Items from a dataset
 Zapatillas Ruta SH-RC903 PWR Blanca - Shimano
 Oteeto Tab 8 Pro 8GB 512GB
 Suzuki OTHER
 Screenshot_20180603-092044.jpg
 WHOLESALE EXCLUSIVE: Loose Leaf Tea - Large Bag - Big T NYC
---
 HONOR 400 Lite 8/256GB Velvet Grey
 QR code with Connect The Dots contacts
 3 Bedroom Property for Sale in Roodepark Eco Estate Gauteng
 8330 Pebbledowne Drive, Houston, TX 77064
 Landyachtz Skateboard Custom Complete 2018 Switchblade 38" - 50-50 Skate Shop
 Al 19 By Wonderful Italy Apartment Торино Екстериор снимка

* **Your task**:
Please return the lines above that run from the line containing "Zapatillas Ruta SH-RC903" to the line containing "WHOLESALE EXCLUSIVE: Loose", inclusive, exactly and with no other lines.

* **Problem solution**:
 Zapatillas Ruta SH-RC903 PWR Blanca - Shimano
 Oteeto Tab 8 Pro 8GB 512GB
 Suzuki OTHER
 Screenshot_20180603-092044.jpg
 WHOLESALE EXCLUSIVE: Loose Leaf Tea - Large Bag - Big T NYC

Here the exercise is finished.